Sunday, March 15, 2009

RICH BLEND

FROM THE NOTE BOOK
Bangladesh Rifles headquarters is at Pilkhana, Dhaka, where the recent mutiny and gruesome killings took place. It is also close to Dhanmandi. Whole of Eastern Bengal, now Bangladesh, together with a part of Indian state of Assam , whole of present day West Bengal, Orissa and a part of present day Bihar constituted Sube Bangla of the Mughal Empire. Roughly , a suba was like a later day British administrative province. Mughals initially placed a subedar in these subas for administration, military affairs and revenue collection. Subedars generally were from the army. In the time of Mughal’s decay these administrators were described as Nawabs and Sube Bangla’s capital was at Murshidabad. These Nawabs started betraying increasing independence when they realized that the Delhi emperor’s grip is weakening. Another Nawabi domain sprang up in Dhaka after Murshidabad started declining after the Battle of Plassey, 1757.

Notwithstanding all these political events, landmarks within the region with their Farsi, and in a reduced scale, Arabic nomenclatures stayed throughout centuries, through British imperial days and even today. So, the Pilkhana, the parking place of war elephants, Topkhana, the parking place of batteries of cannons, Baroodkhana, the magazine lingered on till today.

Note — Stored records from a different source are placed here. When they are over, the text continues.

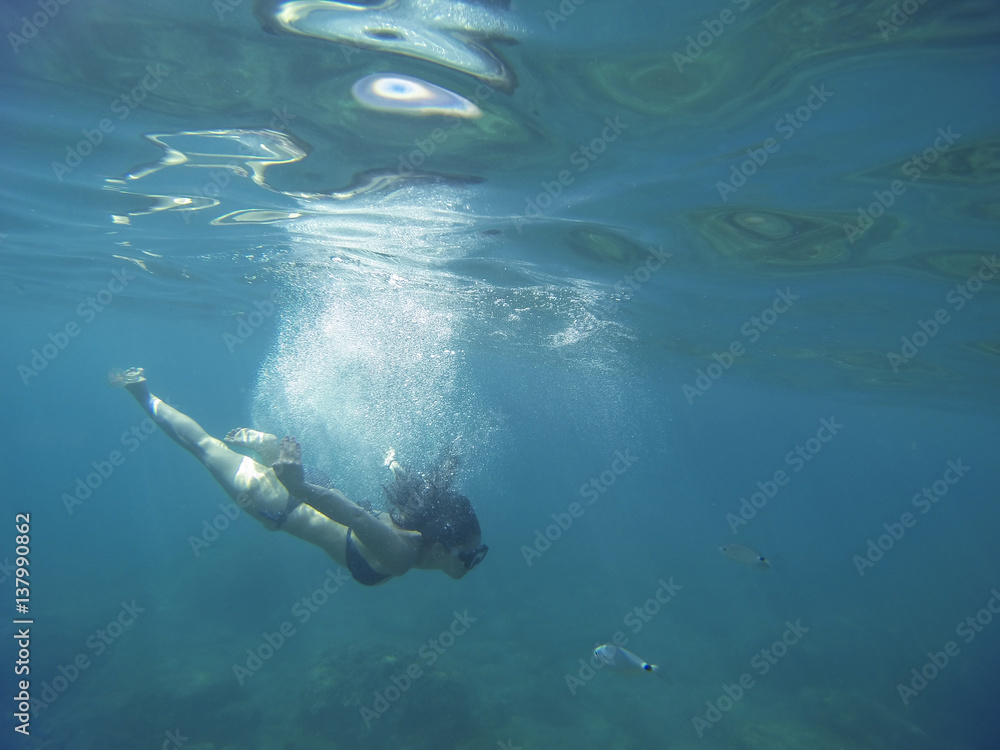 breathtaking turquoise sea with a young woman scuba diving isolated under the sea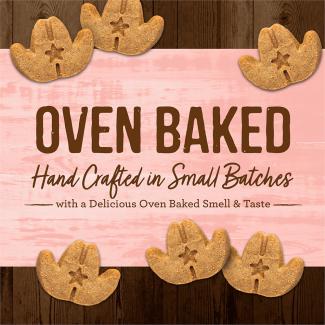 Oven Baked Cowboy Cookout leaf-shaped dog treats on a pink background that says “Oven baked hand crafted in small batches with a delicious oven baked smell &amp; taste.” 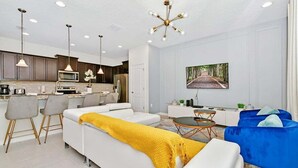 Ein modernes Wohnzimmer mit einem weißen Sofa, einem blauen Sessel und einer gelben Decke. Es gibt eine Küchenzeile mit dunklen Schränken und einer weißen Arbeitsplatte. An der Wand hängt ein Bild von einer Waldstraße.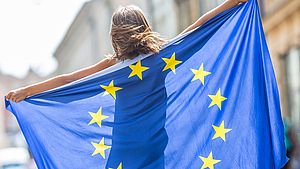 Junge Frau hält eine EU-Flagge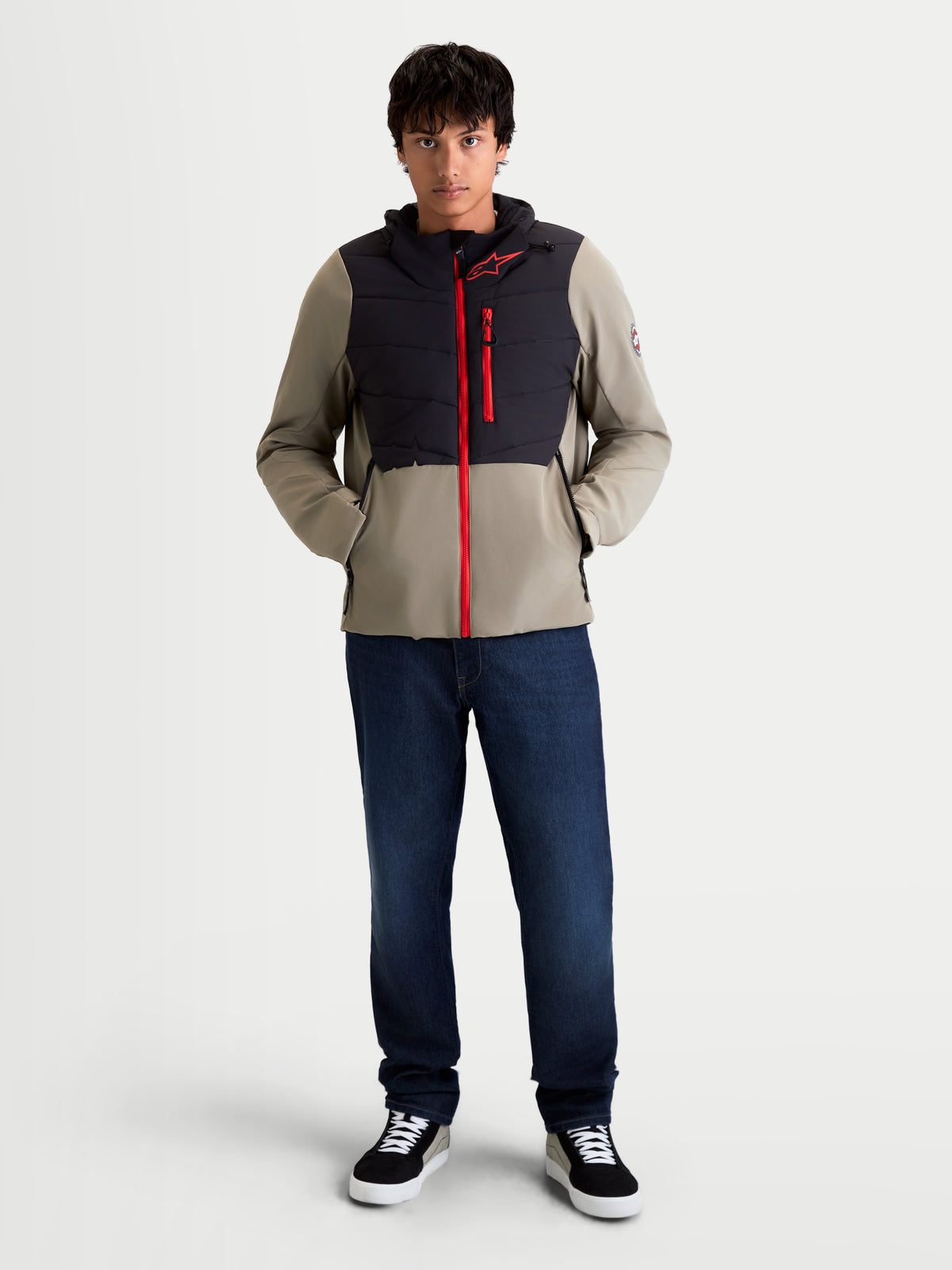 Alpinestars Therma-Tech Chaqueta impermeable, chaqueta de moto urbana contemporánea para hombre en negro y vetiver, vista frontal de un modelo que lleva la chaqueta aislante con una cremallera frontal roja y construcción acolchada en el pecho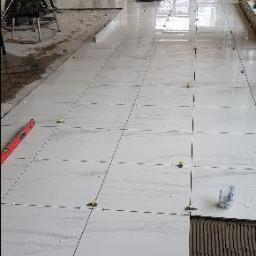 db BEAUTY - Układanie białych, marmurkowych płytek podłogowych w długim korytarzu, widoczne narzędzia i zaprawa, etap prac wykończeniowych.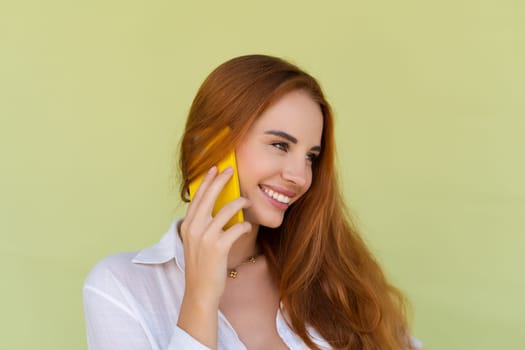 Beautiful red hair woman in casual shirt on green background talk on mobile phone smile and laugh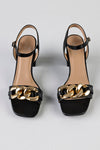 Heeled sandals with chain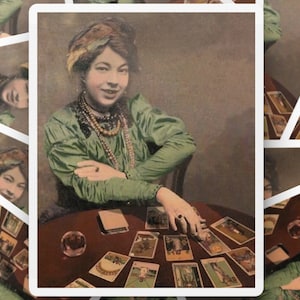May include: A woman wearing a green dress and a beaded necklace sits at a table with a crystal ball and a spread of tarot cards. The cards are face up and show various images and symbols.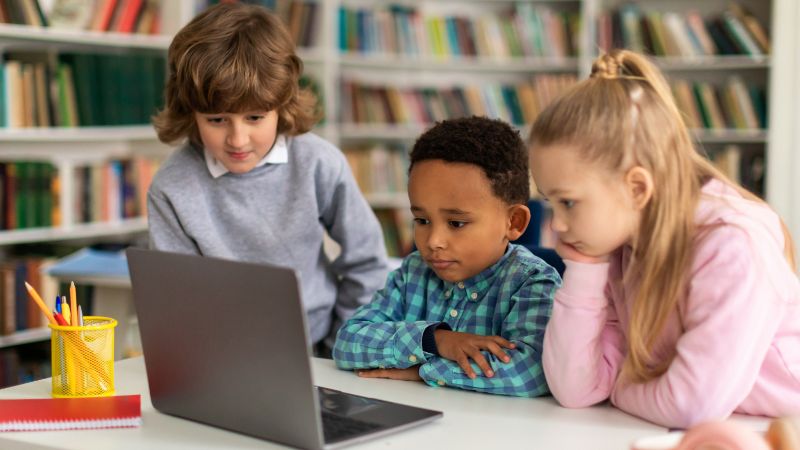 kids watching videos on laptop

Thus , I used to wake up in a vacant shop at Kazir Bazaar, get out for toilet in a masonry rubble called Baroodkhana and take my showers under spilled water of a very big water supply tank at topkhana, little bothering about Barood or Top of bygone days. Then once again back to Mamu’s snacks-cum-tea stall for my daily chow of very greasy paratha and equally greasy khasi gosht, cooked last evening. Very stale and delicious. Then take out my rickety bicycle and out thanking the Kazi of some centuries back for ordering erection of this cluster of shops, one of which was providing shelter to an anti-state commie, marked prominently in police records. Neighbourhood people took me for a police spy and left me unbothered. Then I would be through Zindabazar via Bandarbazaar, leave the cycle somewhere and board a bus of pre-Second World War vintage of Chevrolet or Dodge make. This would clutter along and stop for half a minute before the Dargah of Peer Shah Zalal, and Muslims or Hindu drivers alike uttered their silent prayers. Then I would get down somewhere and get in on a gashti country boat tied to a pole at a river bank and row out for some place. Many years afterwards it dawned upon me gasht in Farsi meant patrols. Those boats were designed for police patrols in the riverine countryside.

I had no idea of Farsi but my grandfather had. He was a renowned mokhtar in that part of our district with a fairly good grip over Farsi. This was the language used abundantly blended with local languages or dialects in law courts and Hindu lawyers were quite familiar with Farsi, even its script. Life at that time surely had been a grandeur of rich blend.

5 comments:

fleuve-souterrain said...

Very very nicely written! The history of the times mixed with humour is fantastic. You hsould write more such semi-personal accounts. ENjoyed it a lot!

tikulicious said...

I enjoyed it to the core. It is once in a while one gets to read such nostalgic write ups and I am glad I got this opportunity. It is amazing how much one learns from small little things in life ..I definitely did .. thanks for sharing with us. Regards and keep sharing :)

Rhett said...

The old and the new blended anew. I hail from Lucknow and have similar stories to tell.
I enjoyed this immensely. Nostalgic through being plain descriptive -- I much admire that skill.

Old Man River said...

dearest commentators, thank u all from the core of my heart.you are refreshengly young and with this kind of attitude u ll never be hopelessly old.here is where a sort of story merges with history.as confucius said by ignoring the past u never can define the future.so, once again thank u all for appreciating my efforts.i follow ur blogs also.

Rhett said...

I think I speak for all when I say that it is a privilege and an honour to read you and know you. You are like your handle suggests -- old man river.